Les rêves s'échouent à Ceuta.
Ceuta, Espagne, le 21 mai 2021. Les mineurs sont placés par la ville autonome de Ceuta dans un entrepôt géré par la Croix-Rouge, proche de la frontière entre l'Espagne et le Maroc.
Le lieu est gardé par la police, qui y amène les mineurs isolés arrêtés dans la rue.
Ils font peur à l’Europe, sont instrumentalisés par le Maroc, mais ne sont poussés que par le désespoir. Dix mille migrants se sont jetés sur l’enclave espagnole pour échapper à une extrême pauvreté, exacerbée par l’arrêt presque total du tourisme et des échanges commerciaux en temps de pandémie.
Plus de 7000 adultes ont déjà été raccompagnés à la frontière. Restent les mineurs qui ne peuvent être rapatriés qu’à la condition d’être remis à leurs familles. Plus de 1500 d’entre eux sont pris en charge par la Croix-Rouge.
Même leurs rêves ne sont pas ceux d’enfants de leur âge. Ils n’espèrent ni aventure ni exploit, ils ne veulent battre aucun record et n’osent imaginer que le monde puisse changer. Leur ambition, c’est la survie ; et quand ils évoquent l’avenir, c’est au lendemain qu’ils pensent.

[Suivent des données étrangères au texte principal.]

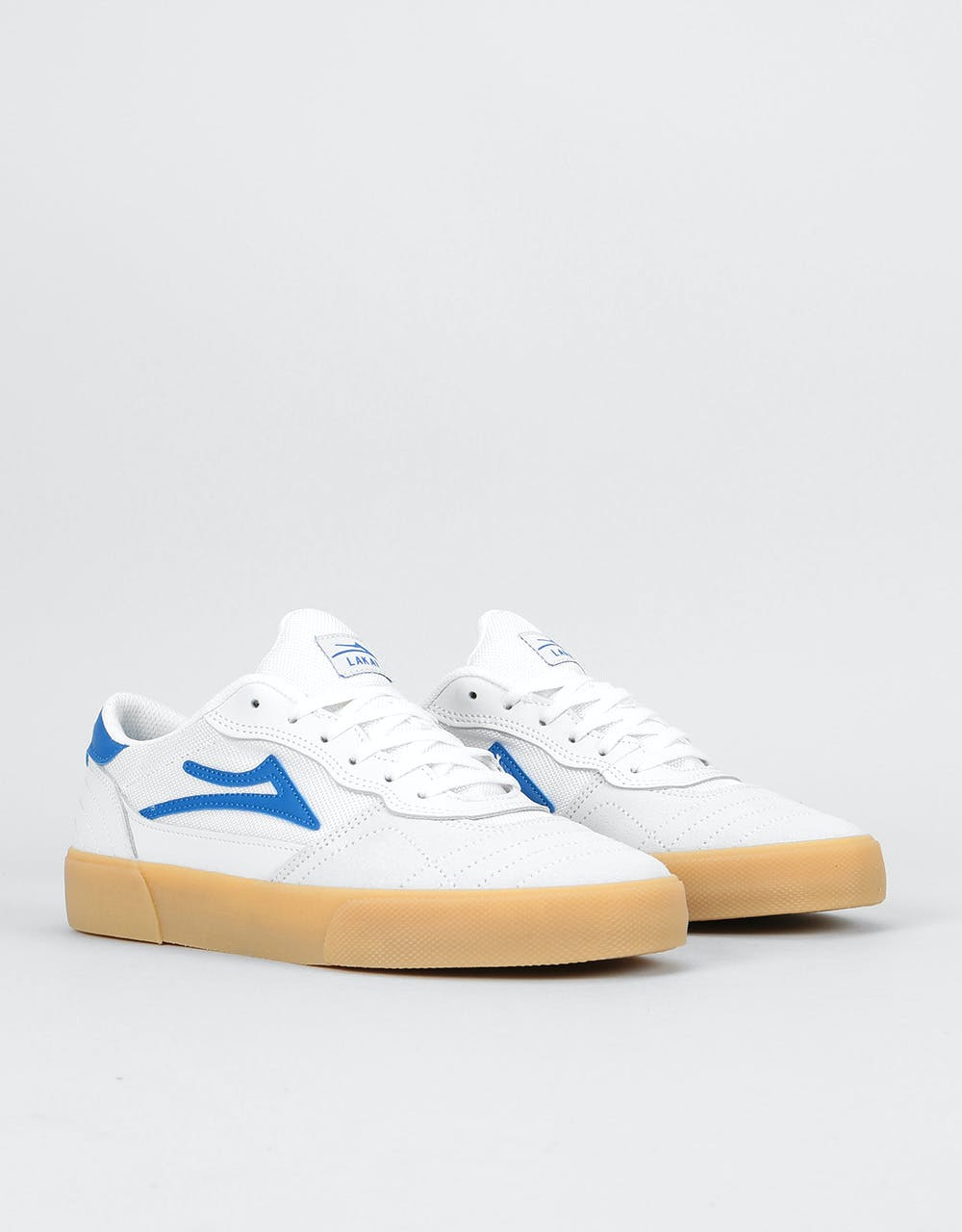 Lakai Cambridge Skate Shoes - White/Blue Suede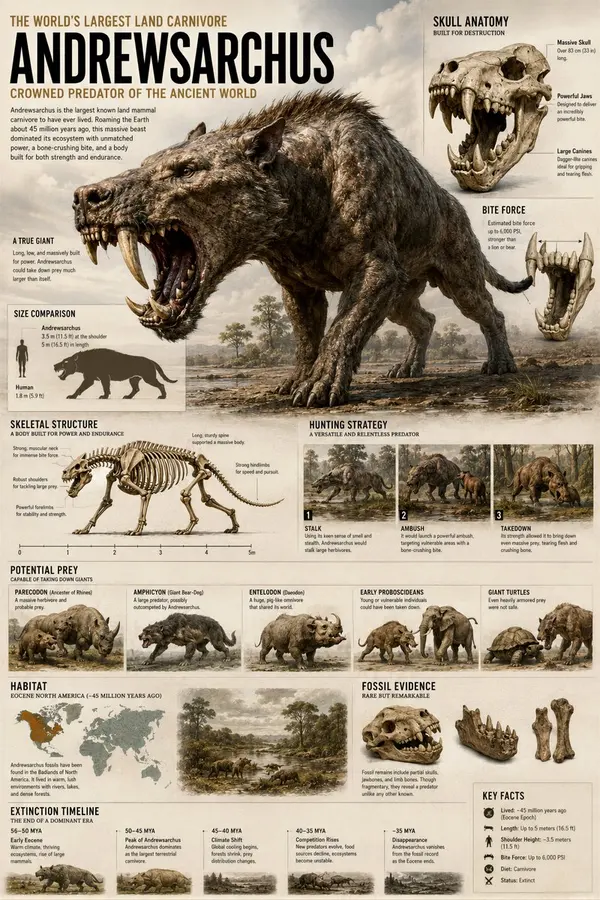 Andrewsarchus: Museum-Style Paleontology Infographic
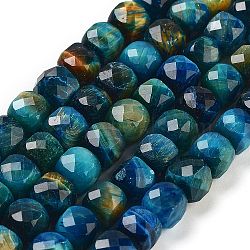 Natural Tiger Eye Dyed Beads Strands, Faceted, Cube, Dark Blue, 7x8x7mm, Hole: 1mm, about 47~48pcs/strand, 13.35~13.46''(33.9~34.2cm)(G-H028-A01-02)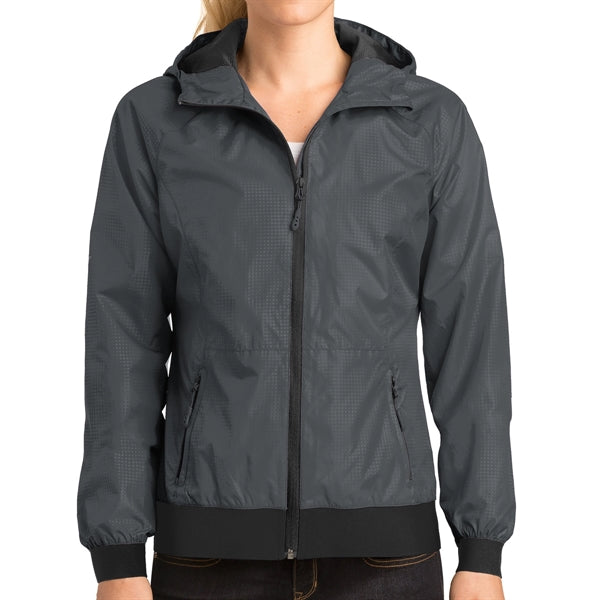 Embossed Jacket with Hood for Women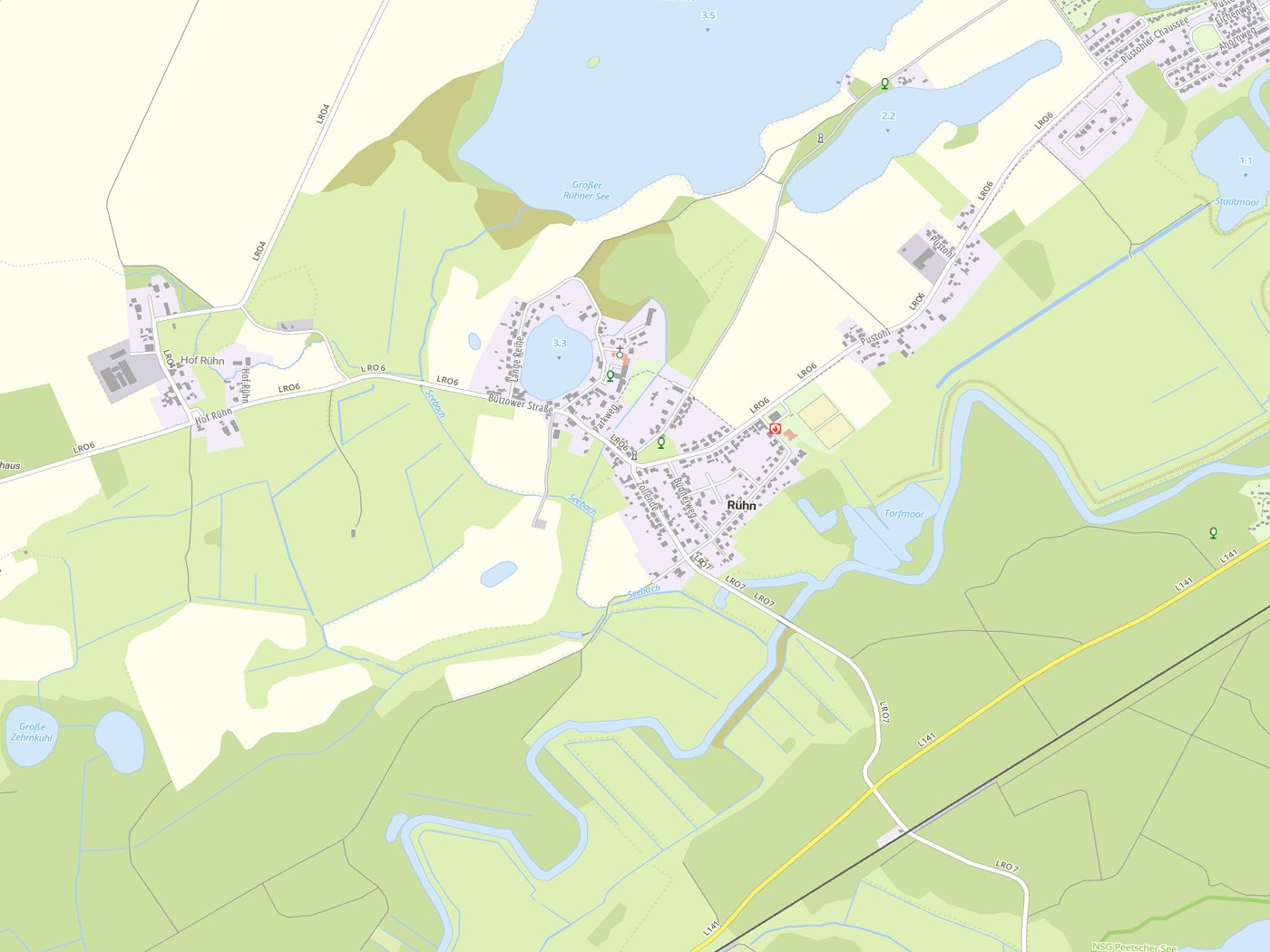 Kartenausschnitt Rühn mit Gewässern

Zakaria nous dit qu’il a 14 ans, Ismaël, 13 ans; ils paraissent plus jeunes encore. Les deux amis déambulent dans les rues de l’enclave espagnole de Ceuta, fatigués, effrayés, mais pas encore désespérés. Deux bruns à la silhouette fluette, aux joues rebondies et imberbes, deux petites vies parmi les 10 000, dont 1 500 mineurs, comptabilisées par la Croix-Rouge espagnole depuis les arrivées massives du Maroc le lundi 17 mai.
Ce matin, un passant leur a offert un café au lait et une baguette de pain. Ils dévorent et sourient. « Au moins, ici, il y a à manger. Au Maroc, on a faim », dit Ismaël, assis sur un trottoir.
Ils portent les mêmes pulls, l’un violet, l’autre rouge. Ils ne parlent que l’arabe et c’est un grand, Youssef, 22 ans, qui traduit en français. Le récit qu’ils déroulent d’un ton grave raconte leur bravoure. Leur inconscience, aussi.
Zakaria et Ismaël viennent de Martil, une cité balnéaire au nord-est de Tétouan, région marocaine dont la fragile économie reposait, jusqu’à une date récente, sur la contrebande des produits non taxés vendus à Ceuta.
Fin 2019, la fermeture, sur décision du Maroc, du poste- frontière dévolu à ces échanges longtemps tolérés a plongé dans la pauvreté les populations de Tétouan, Tanger et Fnideq.